● What you are asked to do
The output should match, line for line, the records from the line containing "Augustus Fountain View" through the line containing "Skoda OCTAVIA Combi", with every picture left out.

● Supplied data
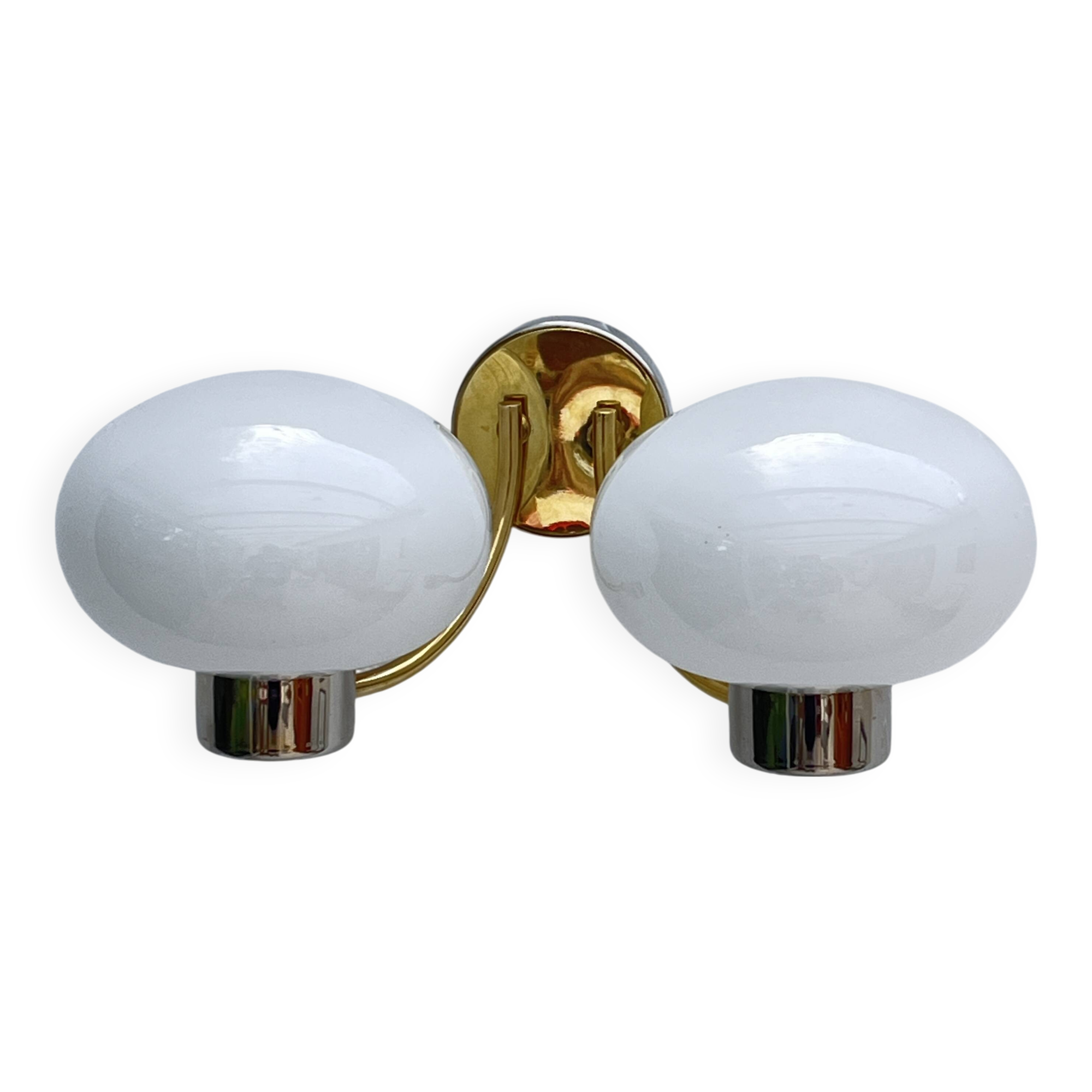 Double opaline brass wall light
...
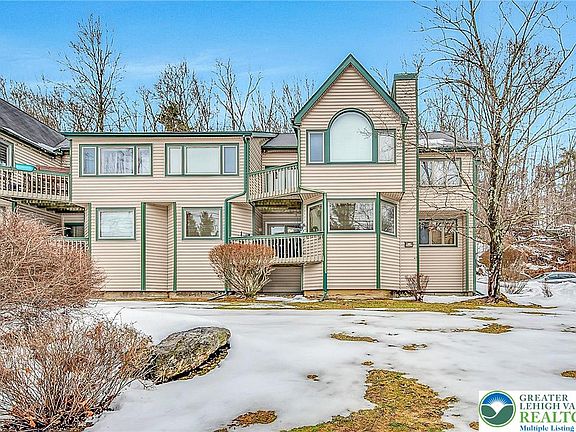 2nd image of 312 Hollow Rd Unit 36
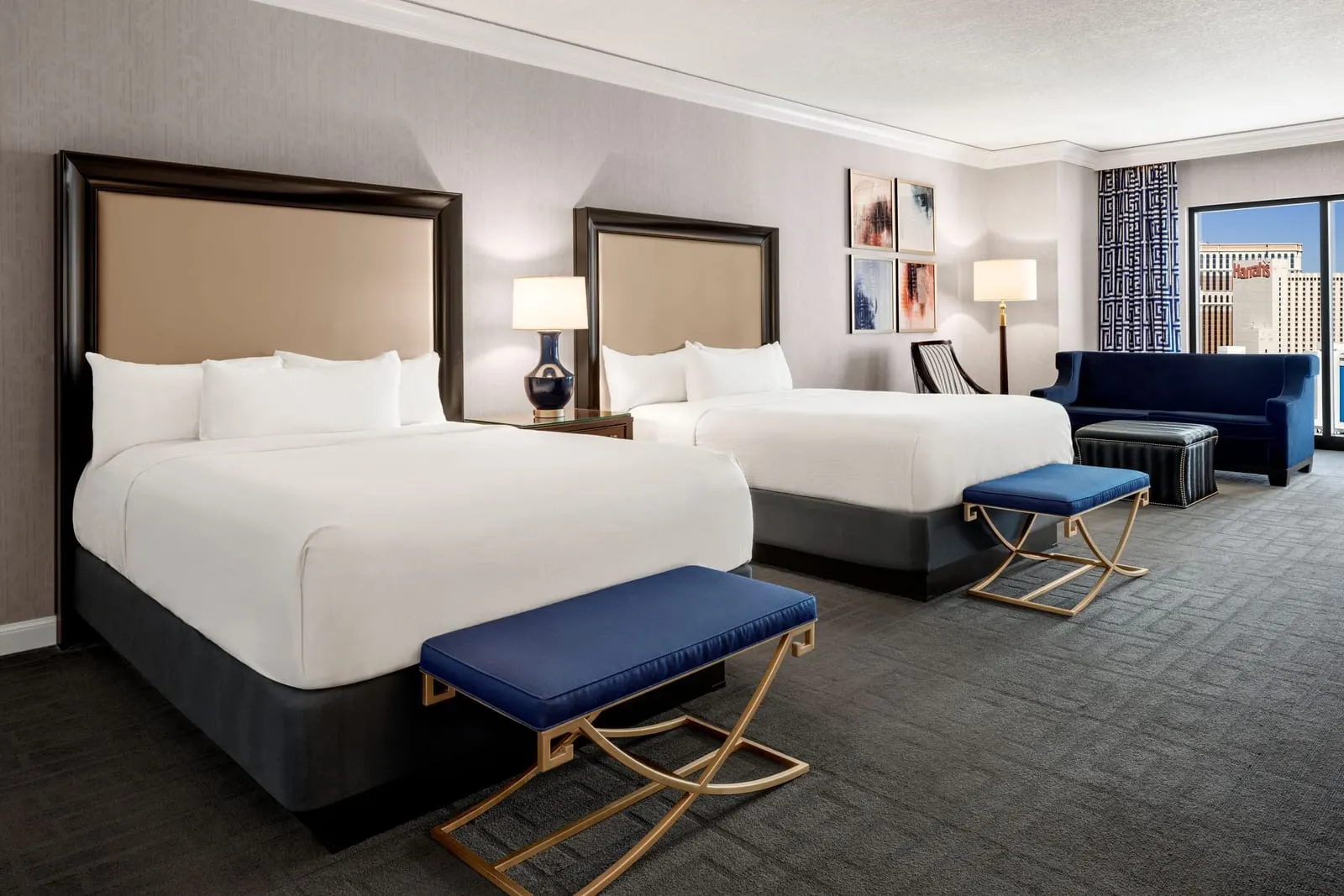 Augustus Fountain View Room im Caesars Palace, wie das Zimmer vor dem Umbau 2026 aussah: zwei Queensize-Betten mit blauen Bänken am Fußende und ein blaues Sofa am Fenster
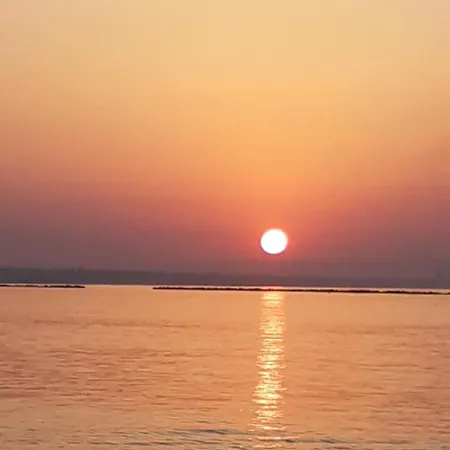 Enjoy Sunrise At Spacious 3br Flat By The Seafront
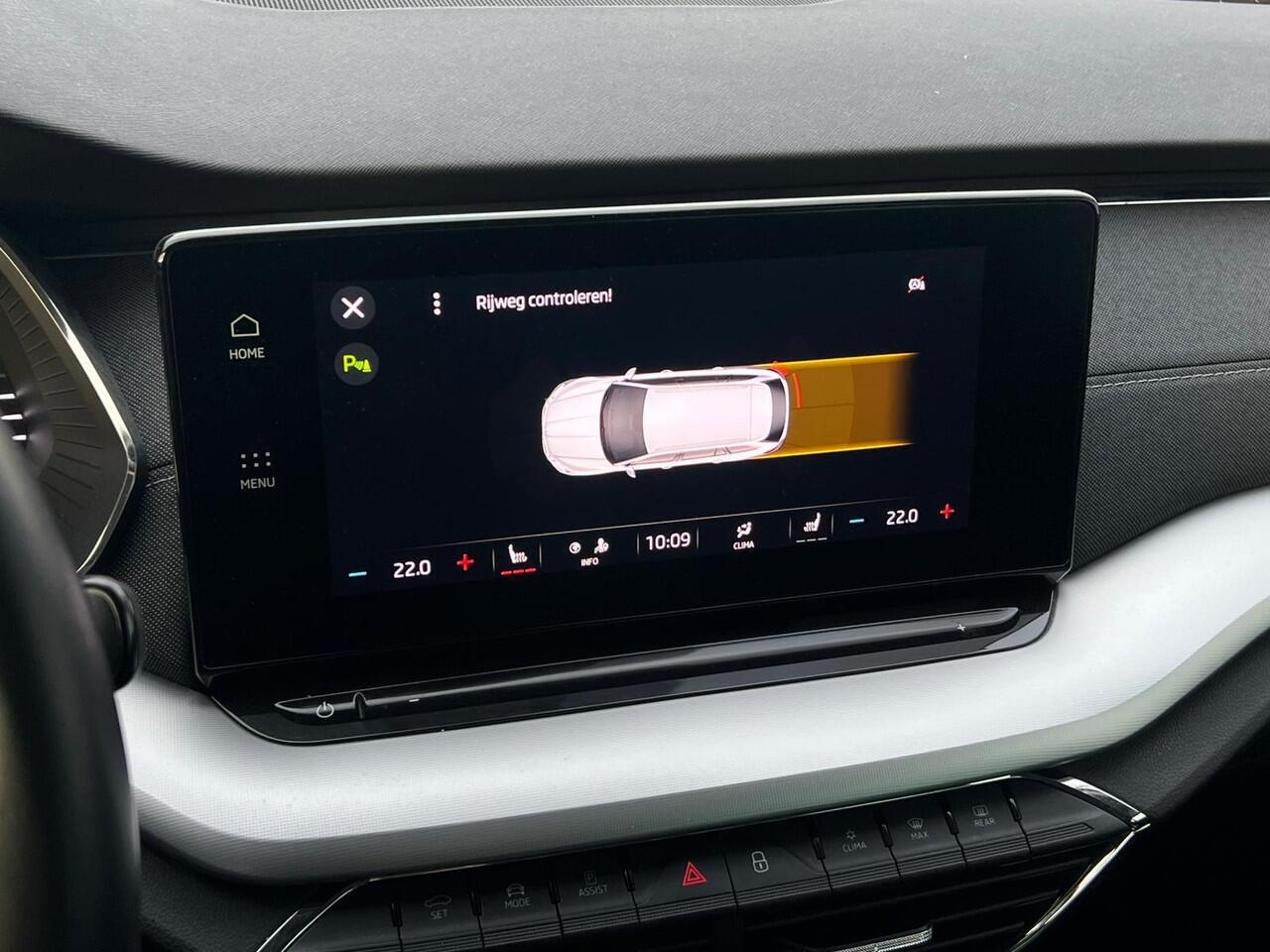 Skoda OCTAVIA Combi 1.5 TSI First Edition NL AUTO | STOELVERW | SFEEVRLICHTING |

● Reply to the exercise
 Augustus Fountain View Room im Caesars Palace, wie das Zimmer vor dem Umbau 2026 aussah: zwei Queensize-Betten mit blauen Bänken am Fußende und ein blaues Sofa am Fenster
 Enjoy Sunrise At Spacious 3br Flat By The Seafront
 Skoda OCTAVIA Combi 1.5 TSI First Edition NL AUTO | STOELVERW | SFEEVRLICHTING |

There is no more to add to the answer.